■ In the run-up to the Gavin & Stacey Christmas special, Metro discovers the renaissance of the place they call Barrybados, just nine miles away from Cardiff…
‘OH! TRACEY. What’s occurring?’ sing out the dulcet Welsh tones of my tour guide, Shân, from across the packed car park. Promising to follow in the footsteps of the great Vanessa Shanessa Jenkins, Shân is my oh-so charming enabler for my pilgrimage to Barry Island, in honour of the Gavin & Stacey festive special, which airs on Christmas Day.
I ain’t gonna lie to you, like the rest of the nation, I’m desperate to know what’s happened to the Shipmans, the Wests and even the Sutcliffes in their ten-year absence.

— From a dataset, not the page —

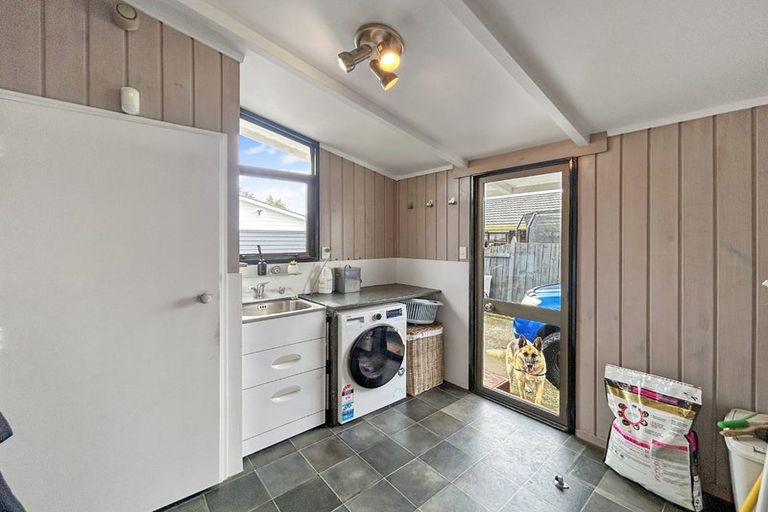 Photo of property in 6 Chadwick Place, Highbury, Palmerston North, 4412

Did the gang settle in Barry or Billericay? And what about poor jilted Dave Coaches, who turned out to be the surprise hottie of the series — is he, ahem, still ‘riddled’?
Lying nine miles south-west of Cardiff, Barry Island has been the Welsh capital’s favourite seaside resort since the 1930s. Butlin’s Barry Island opened in 1966, and while the holiday camp is now long gone, the Pleasure Park and twin sandy beaches still draw the crowds each summer.
But since its TV stardom in the much-loved comedy, Barry Island has experienced a quiet renaissance, which locals call the Gavin & Stacey effect. Awesome Wales (awesome.wales) a zero-waste grocery and coffee shop has opened in Barry town centre, Whitmore+ Jackson (facebook.com/whitmoreandjackson), a hip cafe-bar, serves craft gin and vegan doughnuts on the front, while Hang Fire, a Southern-inspired diner (mains from £15, hangfiresouthernkitchen.com), has popped up in the regenerated Pumphouse on Barry Docks. Uncle Bryn would be beside himself.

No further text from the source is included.